- Born: William David Sanders December 2, 1941 (age 84) Ramsey County, Minnesota, U.S.
- Education: Cornell University College of Agriculture and Life Sciences
- Occupation: Real estate developer
- Known for: Founder, LaSalle Partners
- Spouse: Louann H. Feuille ​(m. 1974)​
- Children: 5
- Relatives: Beto O'Rourke (son-in-law)

= William Sanders (businessman) =

American real estate businessman

William David Sanders (born December 2, 1941) is an American real estate businessman and developer.

==Biography==
Sanders was born in 1941 in Ramsey County, Minnesota, the son of Marion Jane Birkenstein and David Edwin Sanders, an advertising agency owner. His father was born in Parral, Chihuahua, Mexico, to German Jewish immigrants. Sanders' maternal grandfather was born in Chicago to German Jewish parents while his maternal grandmother was also born in Chicago to Irish Catholic parents. He was raised in El Paso, Texas. In 1964, Sanders graduated from Cornell University College of Agriculture and Life Sciences. In 1968, he founded the real estate firm LaSalle Partners, headquartered in Chicago. In 1999, LaSalle Partners merged with Jones Lang Wooton to form Jones Lang LaSalle.

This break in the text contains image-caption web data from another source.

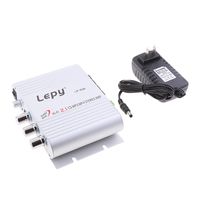 Lepy LP-838 Mini Amplifier 12V Hi-Fi Stereo Audio Amplifier Digital Power Amplifier Audio Music Player for Auto Car/Boat/Motorcycle/Home Theater/Speakers, CD/DVD/MP3 Supported - Silver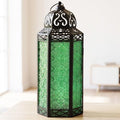 Vela Lanterns Decorative Indoor Candle Holder Table Centerpieces - Moroccan Hanging Outdoor Patio & Porch Home Decor, Turkish Floor Lamp for Wedding, Ramadan (Extra Large 16", Green Glass) by VelaCandleLanterns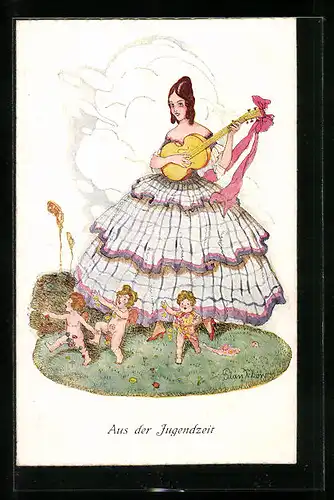 Künstler-AK Plantikow: Aus der Jugendzeit, Dame mit Gitarre und Putten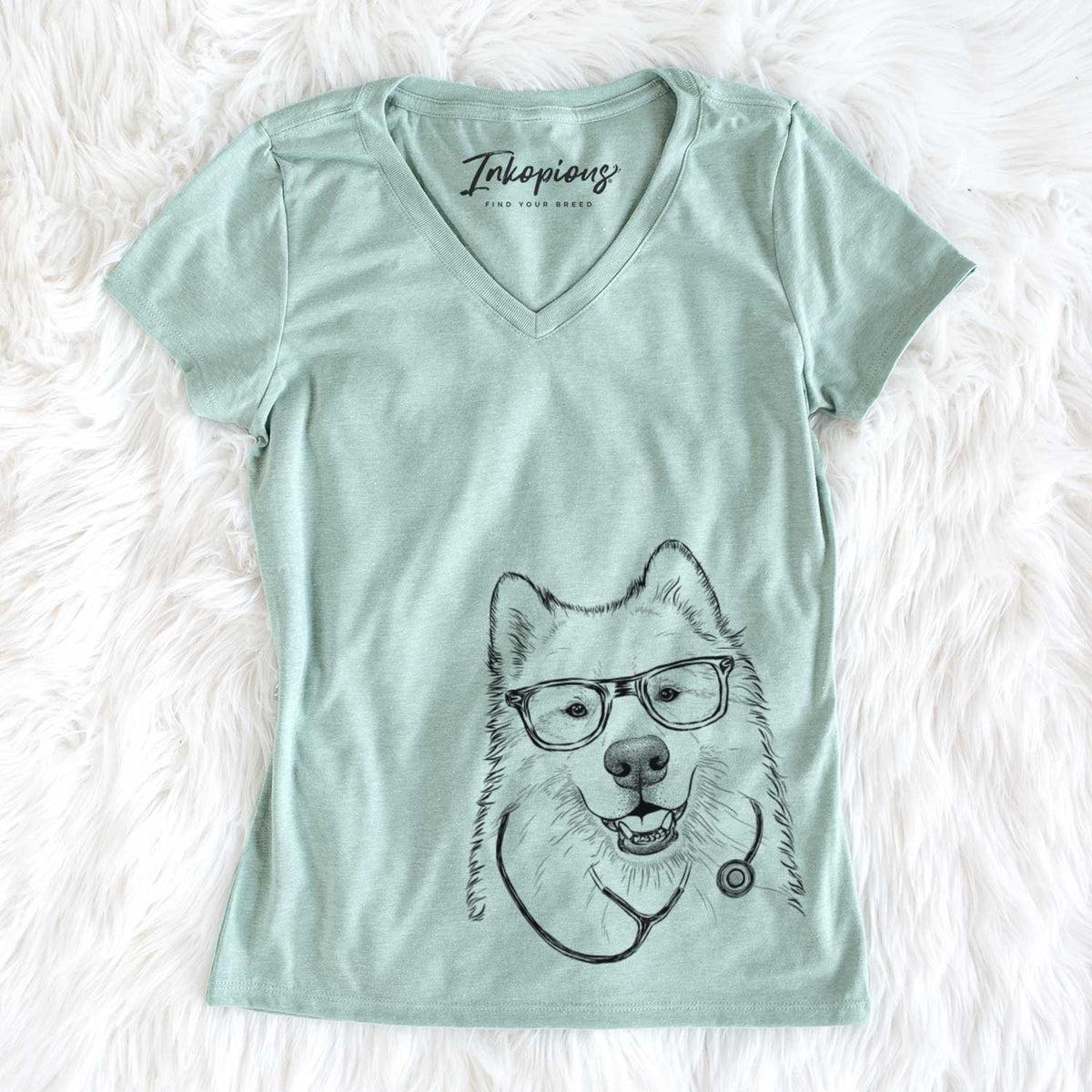 Foster the Samoyed - Women's V-neck Shirt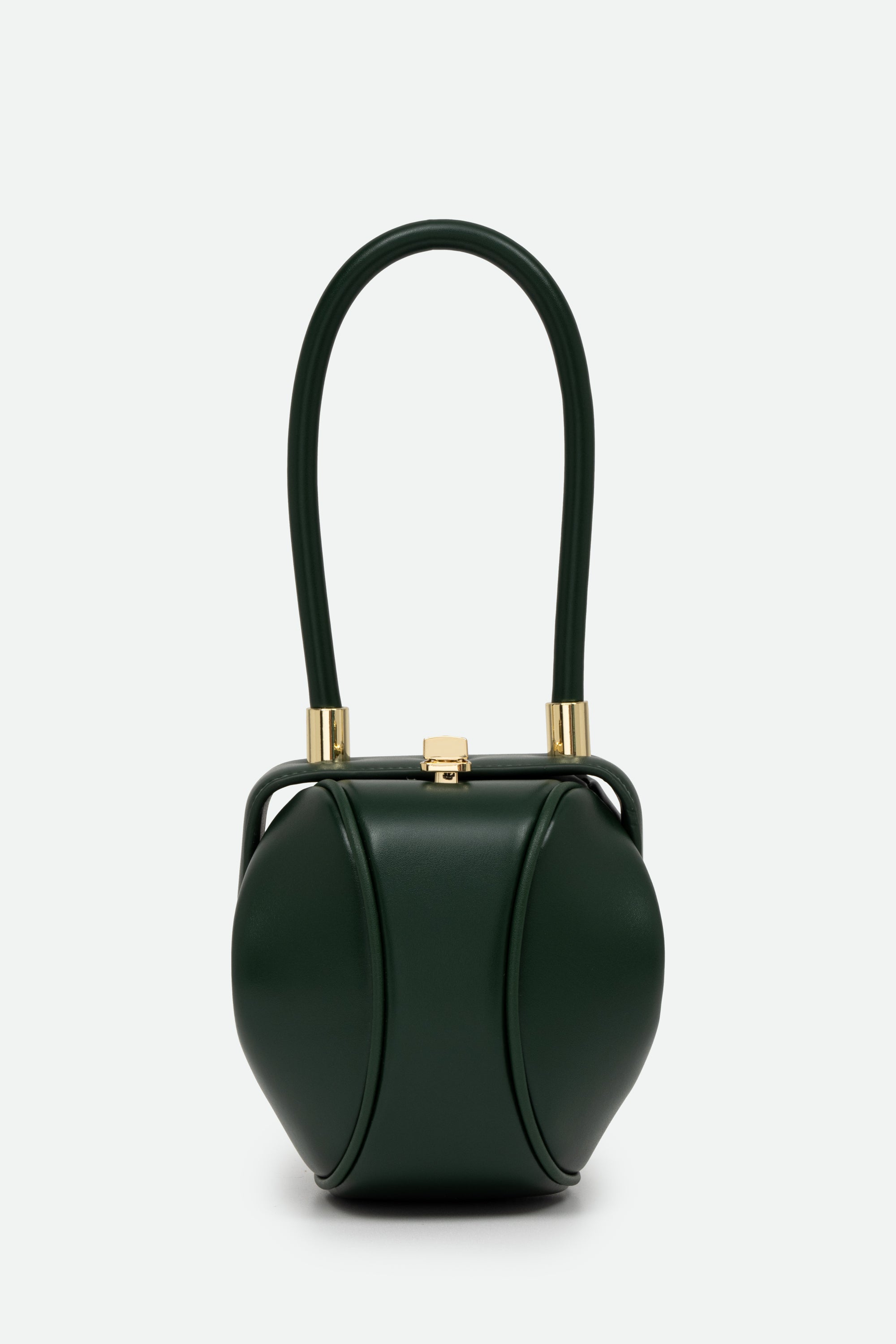 Green handbag with gold accents on a white background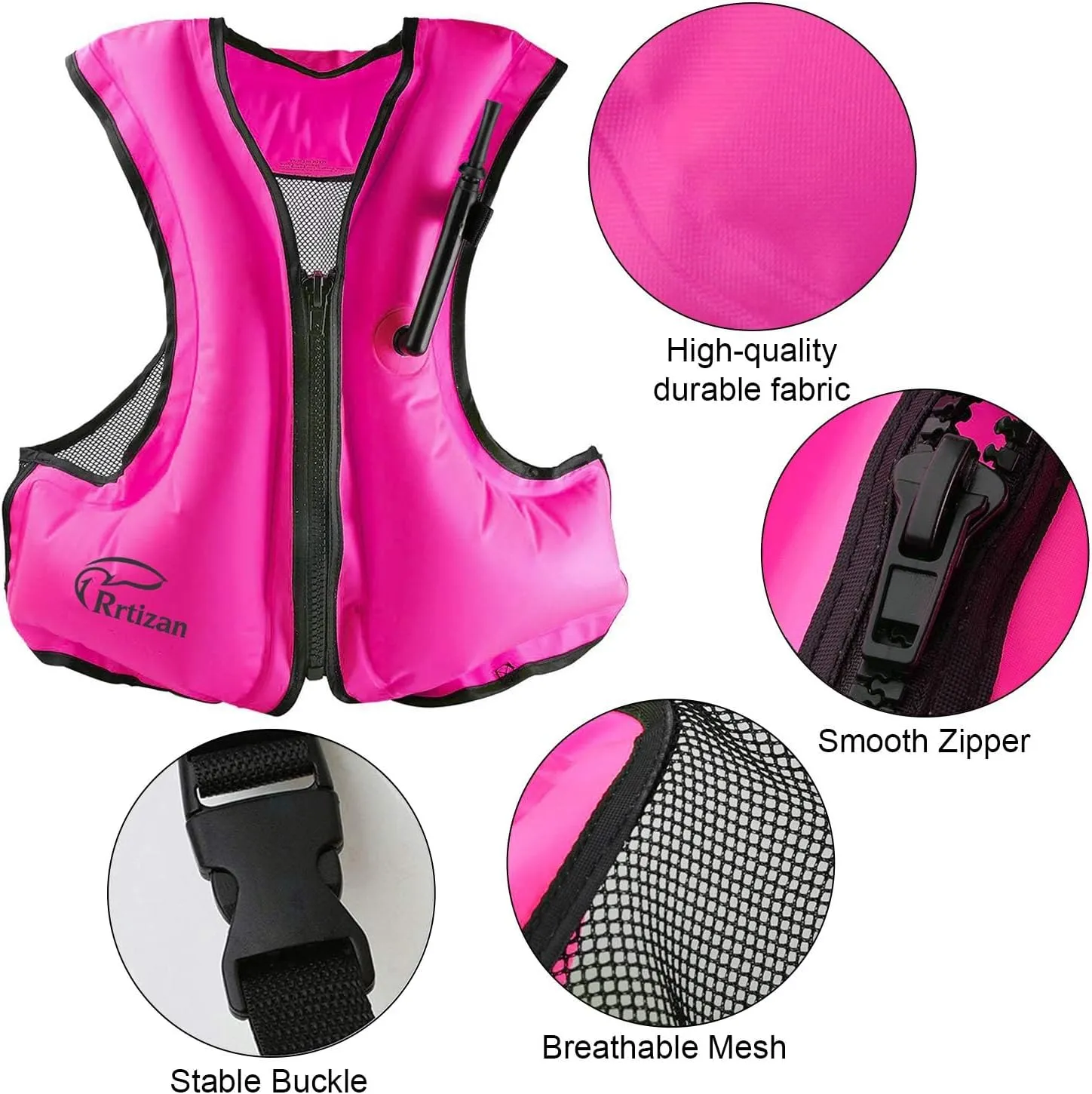 Rrtizan Inflatable Snorkel Vest for Adult, Travel Snorkeling Vest for Swimming, Snorkeling, Paddleboarding, Swim Vest Adult Suitable for 90-220lbs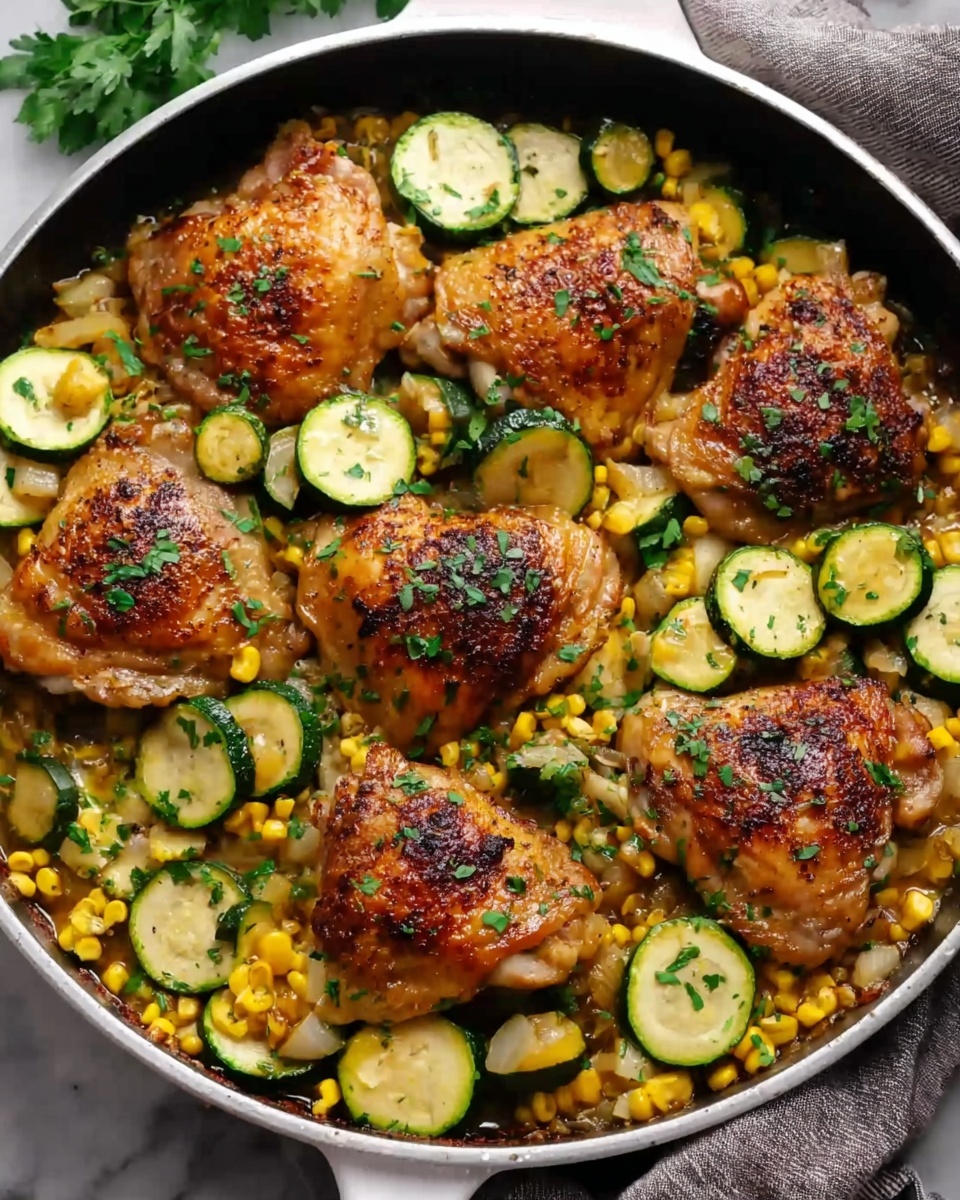 Garlic Butter Chicken with Zucchini and Corn Recipe - Recipe Image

He served as chairman of the National Association of Real Estate Investment Trusts (NAREIT). In 1999, he received Cornell's "Entrepreneur of the Year" award.

Sanders once managed a real estate portfolio of $20 billion, and was referred to as the "Warren Buffett of real estate" by Bloomberg News in 1999.

==Personal life==
Sanders married Louann H. Feuille on May 18, 1974 in El Paso. They have two sons and three daughters.

Sanders' middle daughter, Amy, is the wife of Beto O'Rourke, former Democratic U.S. Rep. of Texas's 16th congressional district.